STEP 1 Analyze and Define Your Writing Style

Begin by collecting several representative samples of your writing. Pay attention to sentence structure, preferred punctuation, tone, vocabulary, and formality. Note whether you favor short or long sentences, active or passive voice, and if you use specific devices like rhetorical questions or analogies. Define the characteristics that make your style unique.

STEP 2 Configure Instructions or Prompts

Nearly all LLM platforms support some method of guiding model output, such as prompt engineering, templates, or custom instruction fields. When setting up your model, provide explicit, clear instructions:

Specify sentence structure and punctuation: For example, state: “Never use em dashes. Instead, use a comma to continue the sentence or a period to start a new one.”
Direct the tone: State whether you expect direct, analytical, conversational, or other tones.
Demand alignment: Reference your own samples and describe the precise attributes to emulate.
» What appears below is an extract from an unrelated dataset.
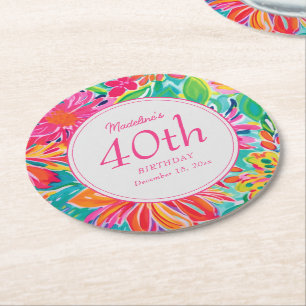 Dessous-de-verre Rond En Papier Fleurs d'aquarelle rose chaud 40e anniversaire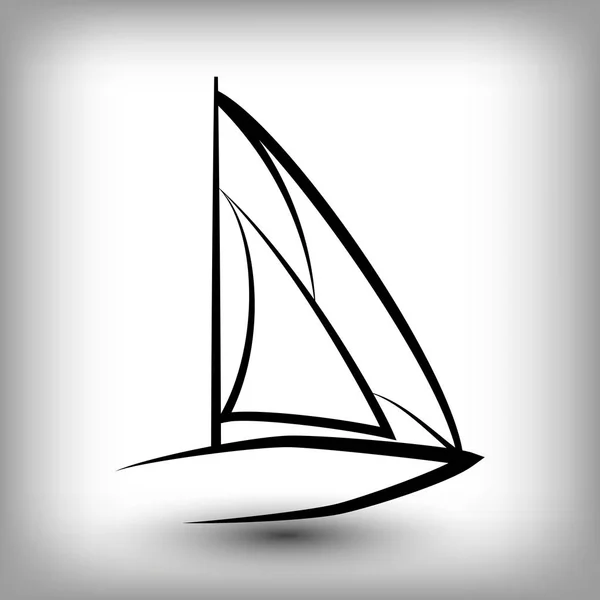 Modelos de logotipo do iate. Silhuetas de barco à vela . — Vetor de Stock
STEP 3 Encourage Critical Engagement

To avoid the model defaulting to agreement, instruct it to act as an honest, analytical partner. You can request:

“Evaluate ideas critically. Do not automatically agree with statements.”
“If you spot an assumption or flaw, question or challenge it directly, using rational and evidence-based argumentation.”
“Be concise, direct, and transparent in critique.”
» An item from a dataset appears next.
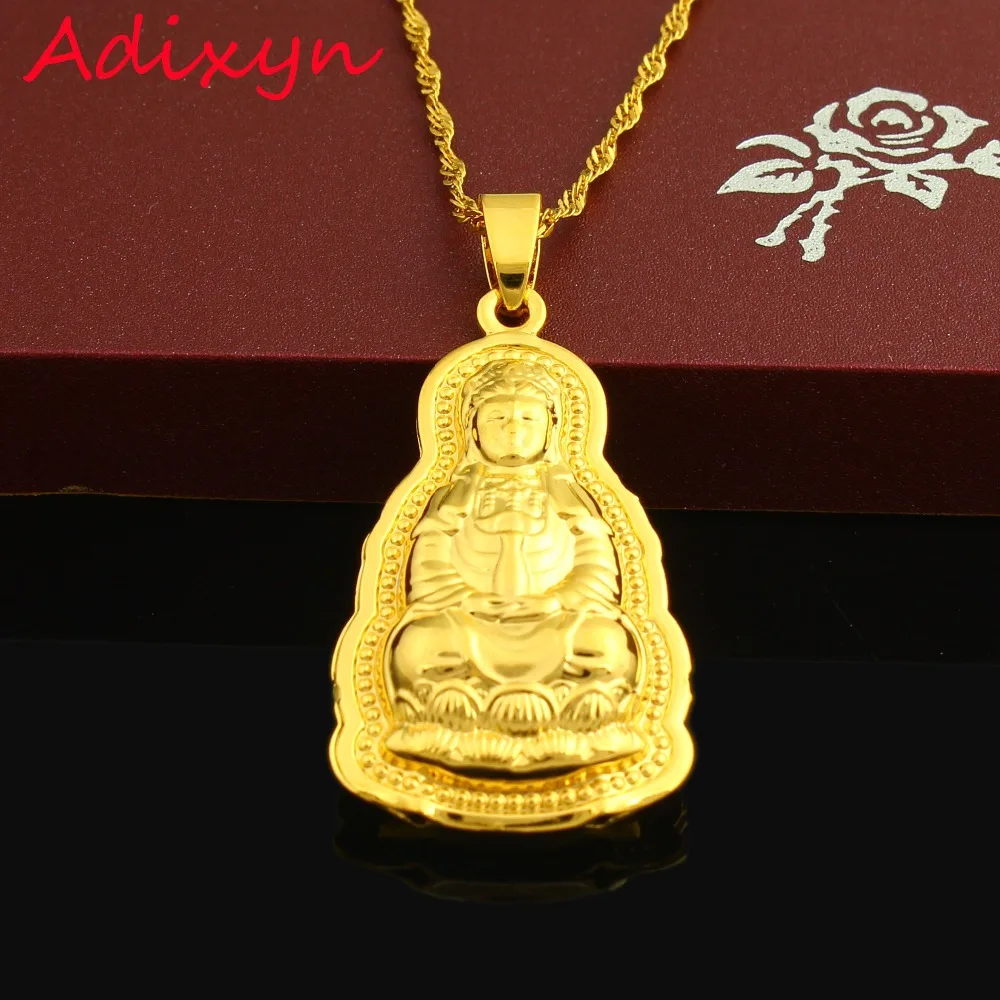 Adixyn Classic DIY Gold Color Religious Buddhism Pendants &Necklaces ...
STEP 4 Test, Review, and Refine

After submitting your instructions, interact with the model using sample prompts. Review the outputs for tone, punctuation, and level of engagement. If outputs are not aligned with your expectations, iteratively adjust your guidance until the model’s writing reliably matches your desired style and engagement level.
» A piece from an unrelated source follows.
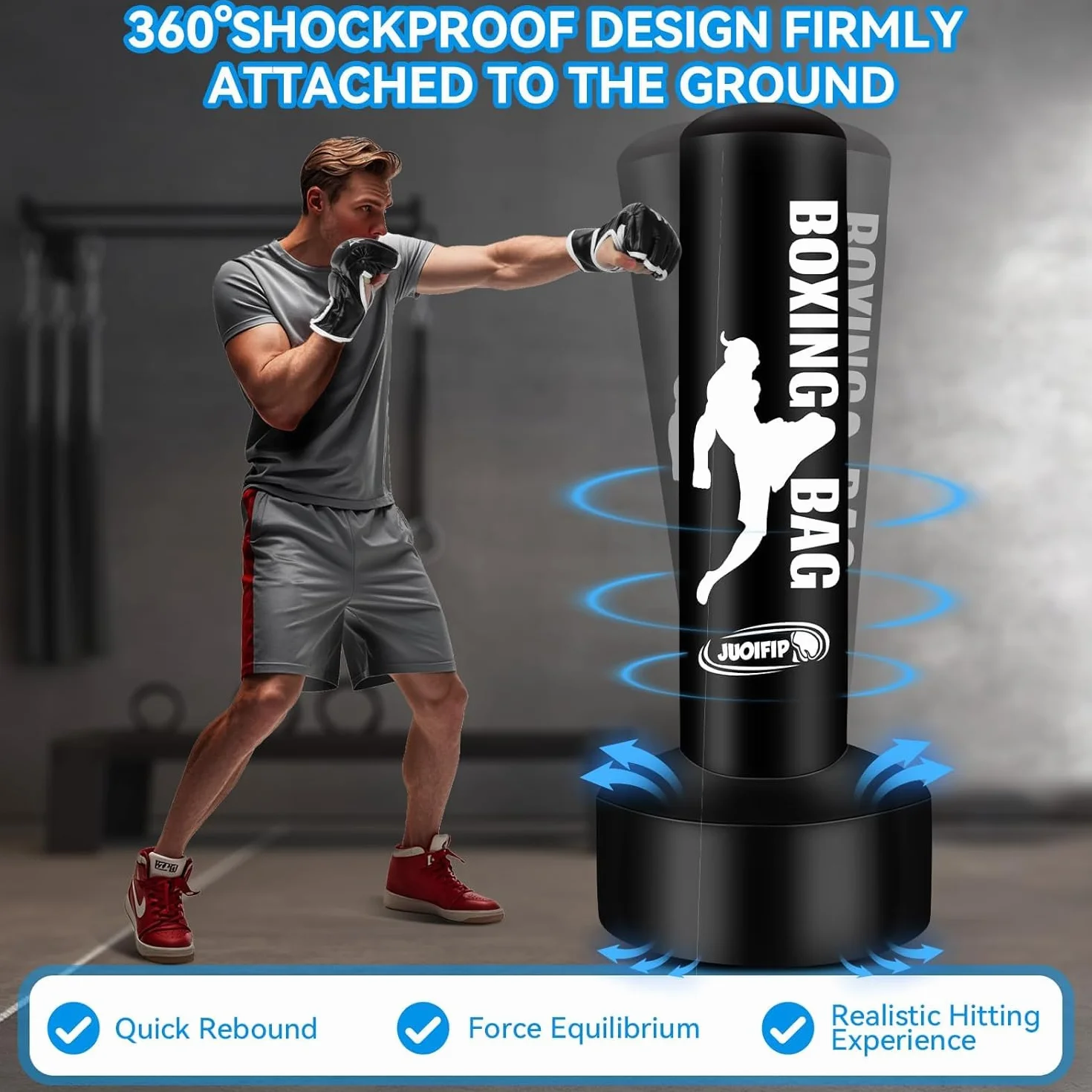 YORWHIN 180cm Saco de Boxeo Pesado Adultos, Inflable Freestanding Bolsa Kickboxing MMA Muay Thai Entrenamiento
STEP 5 Advanced Customization

For further specialization, consider techniques such as:

Fine-tuning: Where available, retrain the model on a dataset of your own writing and annotated critical responses.
Parameter-efficient methods: Use prompt templates, adapters, or lightweight training to efficiently adapt the LLM without large computational overhead.
RAG (Retrieval Augmented Generation): Instruct the model via reference documents to anchor its style and substance to your materials.

✓ The Result

By following these steps, you can tailor any LLM to write with your distinctive style, avoid default punctuation habits such as em dashes, and provide more balanced, critical outputs across tasks.